* **Information supplied**:
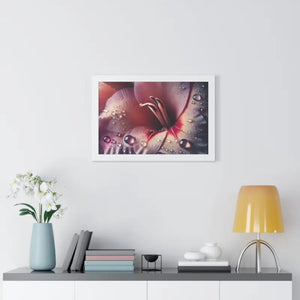 Stunning Pink Lilly Gallery Canvas Framed Horizontal Poster - Dipaliz - Prints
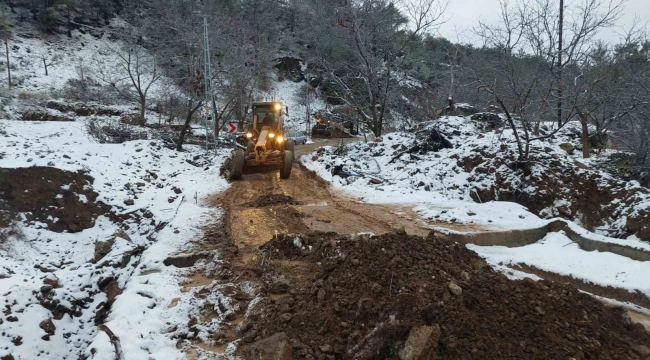 Dulkadiroğlu Belediyesi karla mücadelede seferberliği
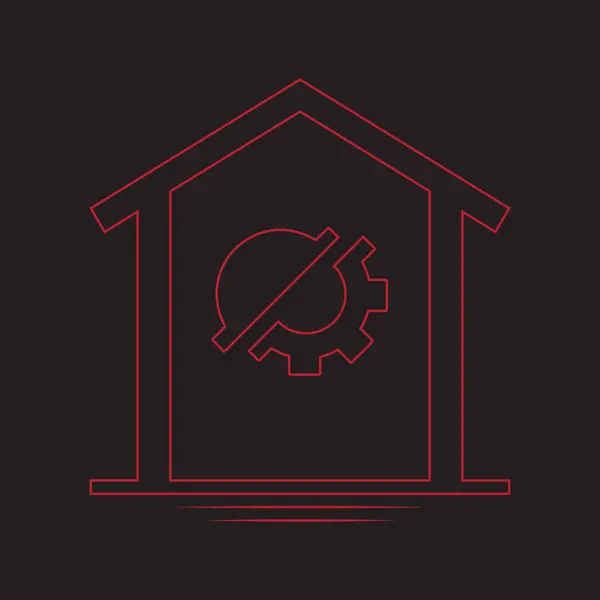 Modern simge onarımının vektör illüstrasyonu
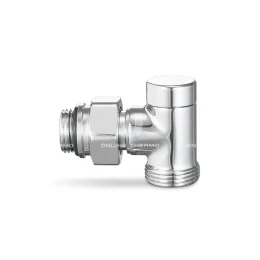Узел нижнего подключения одинарный Varmega VMDV22-400415, 1/2"×3/4"EK НР, угловой, хром Узел нижнего подключения одинарный Varmega VMDV22-400415, 1/2"×3/4"EK НР, угловой, хром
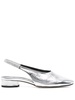 Dua Crackle Laminated Calf Leather Silver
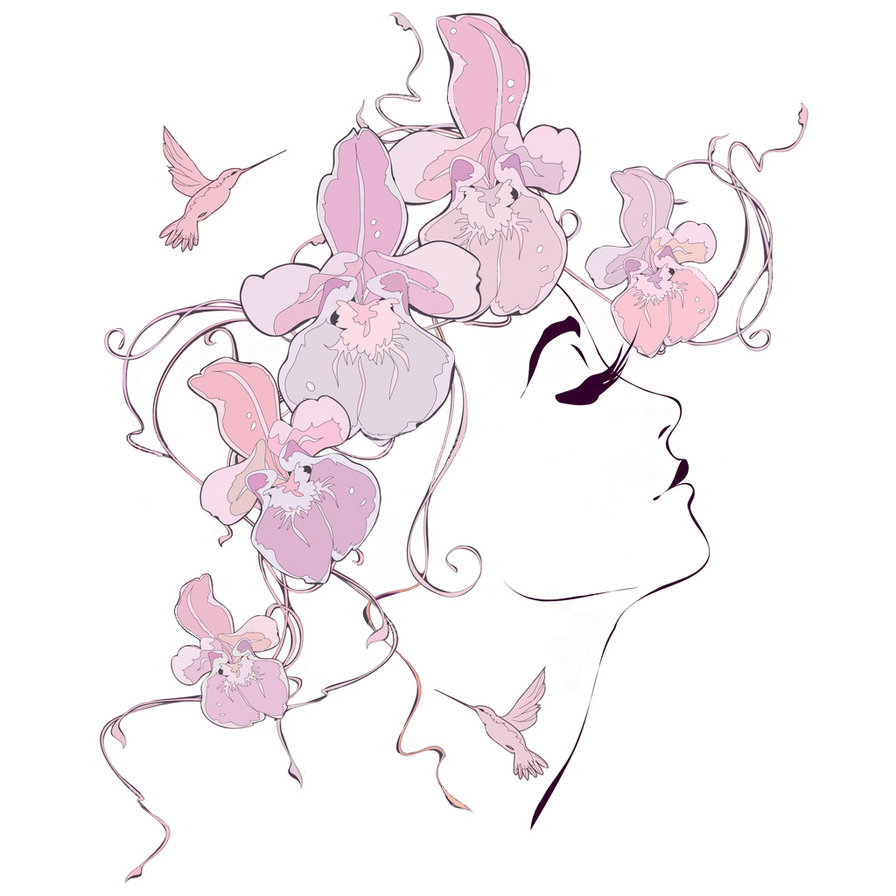 девушка - цветы, девушка, лицо - оригинал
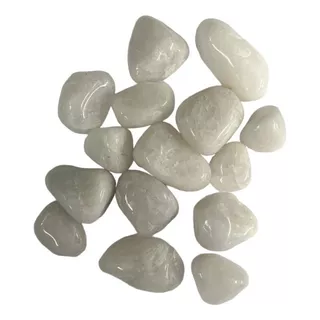 Pedra Rolada Cristal Quartzo Branco Leitoso 2 A 3 Cm 200g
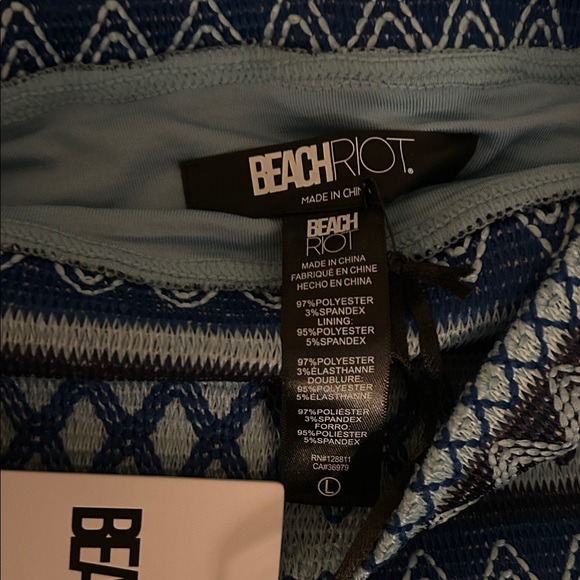 Beach Riot Blue Patterned Bikini - Picture 2 of 6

* **What to produce**:
Verbatim copy, pictures excluded: output the lines from the first line of the records above through the line containing "Dua Crackle Laminated Calf Leather Silver".

* **Answer to this exercise**:
 Stunning Pink Lilly Gallery Canvas Framed Horizontal Poster - Dipaliz - Prints
 Dulkadiroğlu Belediyesi karla mücadelede seferberliği
 Modern simge onarımının vektör illüstrasyonu
Узел нижнего подключения одинарный Varmega VMDV22-400415, 1/2"×3/4"EK НР, угловой, хром Узел нижнего подключения одинарный Varmega VMDV22-400415, 1/2"×3/4"EK НР, угловой, хром
 Dua Crackle Laminated Calf Leather Silver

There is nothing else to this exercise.